» **Data records**:
········

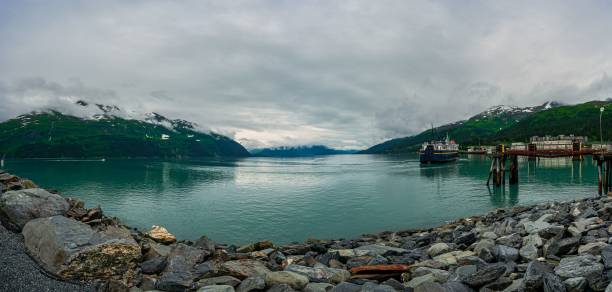 istock Panoramic view of a serene harbor with a docked ship. 2178137571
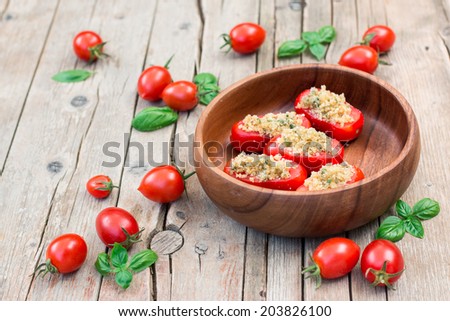 Stuffed tomatoes in a round wooden bowl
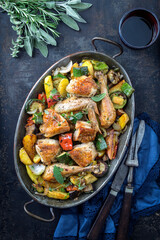 Traditional Mediterranean roasted chicken with fried  vegetable offered as top view in a rustic casserolle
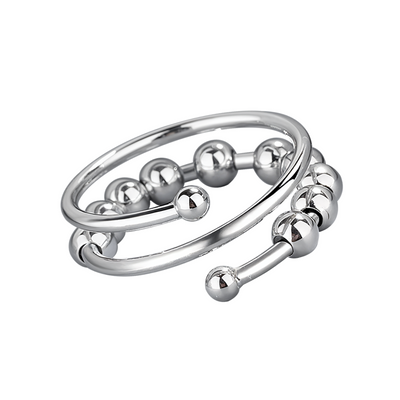 Nova | Anillo plateado con diseño ondulado y cuentas circulares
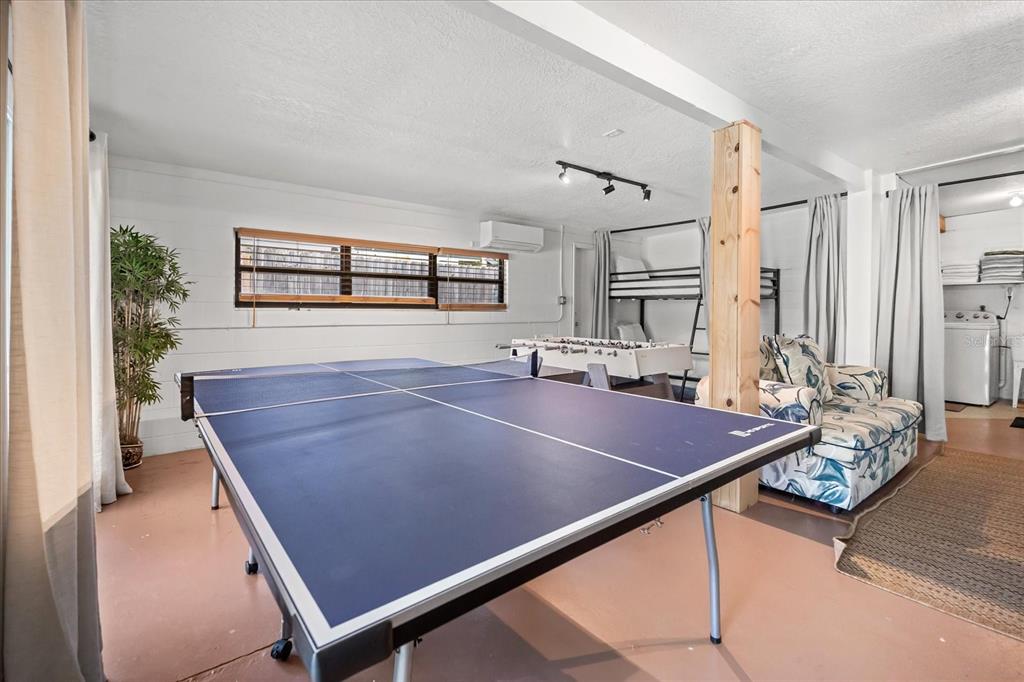 936 Santa Cruz Road Cocoa Beach, FL 32931 - Photo 27 of 45 a room with gym equipment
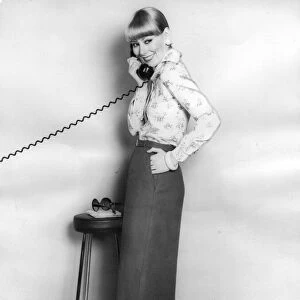 A model talking on the telephone wearing a pencil skirt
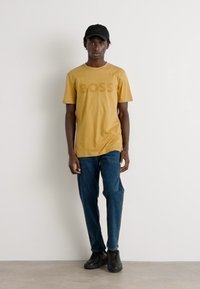 Mustard yellow short-sleeve T-shirt with "BOSS" printed in a lighter shade, paired with blue jeans and black sneakers, worn with a black cap.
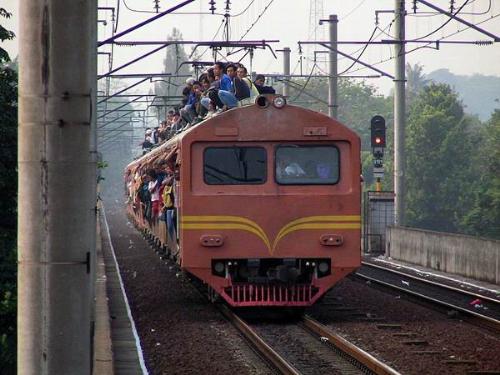 Miracle Ride - People travelling on the roof top of the electrical train.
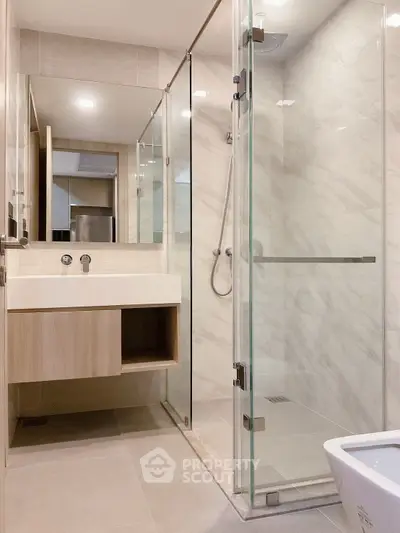 Modern bathroom with glass shower and sleek fixtures in a contemporary apartment.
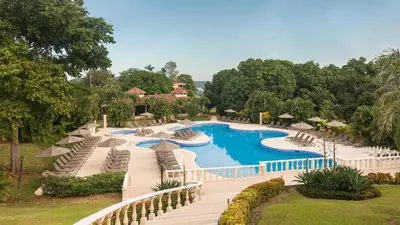 a resort with a pool and chairs and trees at Occidental Papagayo - Adults Only All Inclusive in Papagayo, Guanacaste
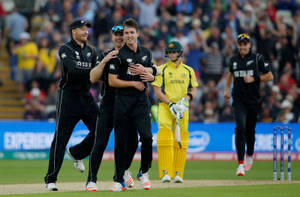 New Zealand Cricket Players Hugging Wallpaper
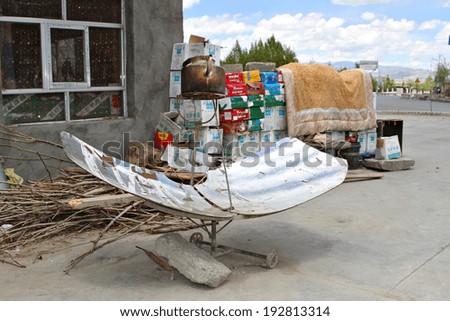 Shegar, Tibet, China - 9 May 2014: A kettle sits above a reflective sun dish, being heat by concentrated solar energy being reflected onto the bottom of the kettle to boil the water inside.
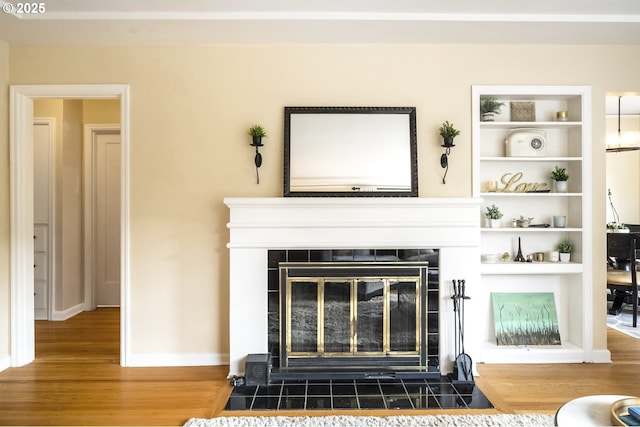 2535 N Baldwin St, Portland, OR 97217 - detailed view of wood finished floors, a fireplace, and built in features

········

» **Goal of the exercise**: Return the whole listing word for word. Pictures stay out of it.

» **Exercise output**:
 istock Panoramic view of a serene harbor with a docked ship. 2178137571
 Stuffed tomatoes in a round wooden bowl
 Traditional Mediterranean roasted chicken with fried  vegetable offered as top view in a rustic casserolle
 Nova | Anillo plateado con diseño ondulado y cuentas circulares
 936 Santa Cruz Road Cocoa Beach, FL 32931 - Photo 27 of 45 a room with gym equipment
 A model talking on the telephone wearing a pencil skirt
 Mustard yellow short-sleeve T-shirt with "BOSS" printed in a lighter shade, paired with blue jeans and black sneakers, worn with a black cap.
 Miracle Ride - People travelling on the roof top of the electrical train.
 Modern bathroom with glass shower and sleek fixtures in a contemporary apartment.
 a resort with a pool and chairs and trees at Occidental Papagayo - Adults Only All Inclusive in Papagayo, Guanacaste
 New Zealand Cricket Players Hugging Wallpaper
 Shegar, Tibet, China - 9 May 2014: A kettle sits above a reflective sun dish, being heat by concentrated solar energy being reflected onto the bottom of the kettle to boil the water inside.
 2535 N Baldwin St, Portland, OR 97217 - detailed view of wood finished floors, a fireplace, and built in features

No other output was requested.